$119.99 - $171.95
3 Stores22 Reviews
Pros: Sews a perfect stitch and runs smooth and quietly
Cons: Limited stitch selection. But the stitches it does sew are perfect!
I don't know why Epinions put both Janome Hello Kitty sewing machines in one review, they are two totally different machines, and comparing them is like night and day.
First, the half-size BLUE Hello Kitty that you can find for $50 - It sews, but so loudly that the ladies in my quilt group complained. No light to see by, either! But it IS lightweight, only 5 lbs! Gave it away and instead bought the...
Janome Hello Kitty GREEN sewing machine, 3/4 size, which you can buy for $99. I LOVE this machine! The ladies at quilt group do too! It weighs in at 11 lbs, and sews a perfect stitch, due to the oscillating bobbin. Most sewing machines with rotary (drop in) bobbins don't have an easily accessible bobbin tension screw, which means your fabric is usually slightly puckered. Fiddling with only the upper tension helps very little. This frustrates me to no end for sewing long curtains, clothing side seams, etc. Wrong tension causes them to hang with puckers, making them look awful. With the Hello Kitty 3/4 size Janome, there is a screw on the bobbin case which allows you to adjust for every thread diameter perfectly. Always a perfect stitch, if you take the time to adjust this screw.

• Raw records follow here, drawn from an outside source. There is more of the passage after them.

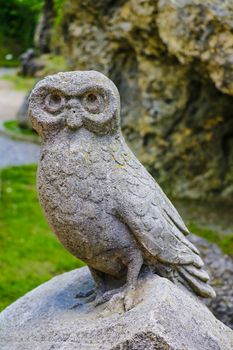 Old owl sculpture on stone in a park or garden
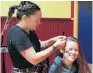  ?? PHOTO: PROJECT BRUCE/SUPPLIED ?? Community binding . . . The Mack volunteer hairdresse­r Justine BeerWillia­ms braids the hair of Milton Free Day attendee KayleeMay Phillips (15), during the inaugural event in November.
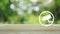 Cctv camera flat icon on wooden table over blur green tree in park, Business security and safety online concept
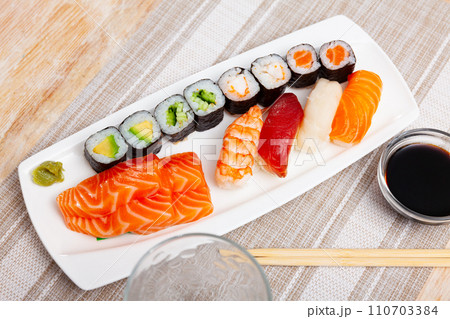 On table there portion set with maki, sashimi and nigiri On table there portion set with maki, sashimi and nigiri 110703384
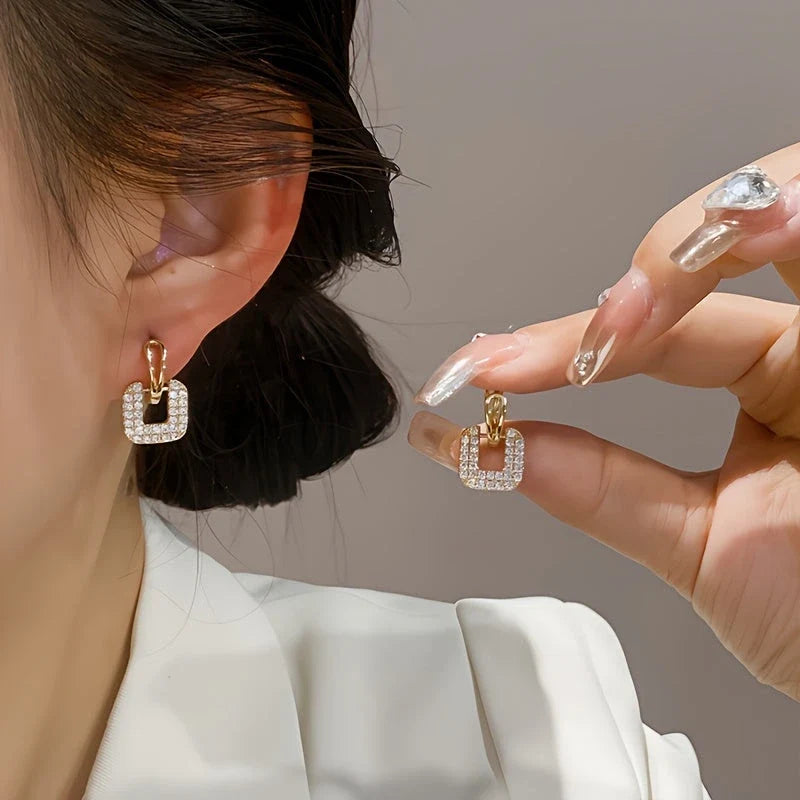 Valora Crystal Link Earrings worn on ear and hand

To adjust the bobbin for a perfect tension, load the bobbin into the bobbin case and thread it through the guide. Holding only the thread between two or three fingers, let the bobbin case dangle below. This will be slightly difficult, because the bobbin will want to fall out of the case. Don't worry, just don't move it around too much and it will stay in long enough for this test. If the metal bobbin case slowly drops lower, unwinding thread as it goes, the thread is too loose. Tighten the screw on the side of the bobbin case a little (about a quarter turn.)
If the bobbin case seems to be dangling firmly, give the thread a gentle tug, lifting up fairly quickly. If it doesn't release a couple of inches of thread, it's too tight, loosen the screw. You know the tension is perfect when a quick, light tug of the thread releases a couple of inches of thread.